В десятилетия, предшествовавшие освобождению крепостных, развод не являлся совершенно неслыханным делом. Среди знакомых Андрея и Натальи была по крайней мере одна разведенная семейная пара. Письмо без подписи от 1829 года извещало «сестрицу» Наталью Ивановну и «братца» Андрея Ивановича, что «Полонька с мужем в разводе» и «он ее всю обобрал: имение ему все отдала, а себе оставила 200 душ <нрзб> и партикулярного долгу 60 тыс. руб.»[1010]. Но в конце XIX века традиционные супружеские роли повсеместно переставали казаться чем-то само собой разумеющимся. Авторы, которые писали о браке, начали с удвоенной энергией и настойчивостью превозносить семейную жизнь, дотошно объясняя, в чем состоит роль женщины, и предлагая гораздо более строгие ограничения, чем существовавшие в реальности.
В недавно опубликованном исследовании Барбары Алперн Энгель, посвященном расцвету культа домашней жизни в пореформенный период и его связи со стремлением к «культурности» и «аристократичности»[1011], доказано, что важнейшим компонентом этого процесса (даже более важным, чем все большая оторванность от реальности и ограниченность сферы, отданной в удел женщине) было новое определение роли мужчины. Влияние культа домашней жизни на существование реальных женщин – явление «противоречивое», и его результаты зависели от обстоятельств[1012]. Энгель утверждает, что эти противоречия отражают тот факт, что культ домашней жизни (domesticity) не имел большого влияния на статус женских ролей в XIX столетии: «Экономические условия продолжали ограничивать масштаб влияния культа домашней жизни на поведение реальных женщин»[1013].
Хотя во второй половине XIX века идеология домашней жизни оказывала противоречивое воздействие на образ жизни женщин, мужские роли в пореформенный период были решительно переосмыслены: «Мужчины пролили немало чернил, обсуждая свою роль в общественной жизни, свой успех на трудовом поприще или на разрастающейся арене общественной деятельности»[1016]. Как показывает судьба Андрея, участие в интеллектуальной жизни и стремление к «культурности» (понимаемой как свойство не «врожденное», а благоприобретенное) уже оказывали значительное влияние на самовосприятие русских мужчин, принадлежавших к поместному дворянству, и трактовку понятия мужественности. Но когда освобождение крестьян устранило (теоретически) неравноправие свободных дворян и закрепощенных крестьян, роль мужчины-землевладельца как своего рода «слуги государства» утратила свои последние юридические основания.
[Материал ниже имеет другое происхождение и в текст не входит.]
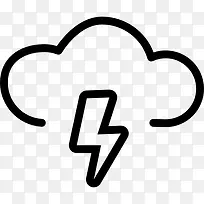 电风暴概述天气标志图标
В то же время благодаря прессе росло влияние интеллигенции. Распространение образования позволяло множеству людей из неблагородных сословий стремиться к «культурности» и интеллектуальной самореализации. Эти изменения оказали уникальное, для российских обстоятельств, влияние на мужской аспект культа домашней жизни. Русские мужчины, особенно принадлежащие к средним слоям общества, и в самом деле подчеркивали, что их долгом являлось обеспечение семьи, но они также стремились завоевать среди равных им по положению людей репутацию и внести свой вклад в общественное благо. Статус среди равных по положению считался ключевым элементом мужественности и в викторианской Англии, но в случае России стремление к службе на благо общества, очевидным образом связанное с возникшим ранее этосом государственной службы, сосуществовало со стремлением к культурности и аристократичности[1017].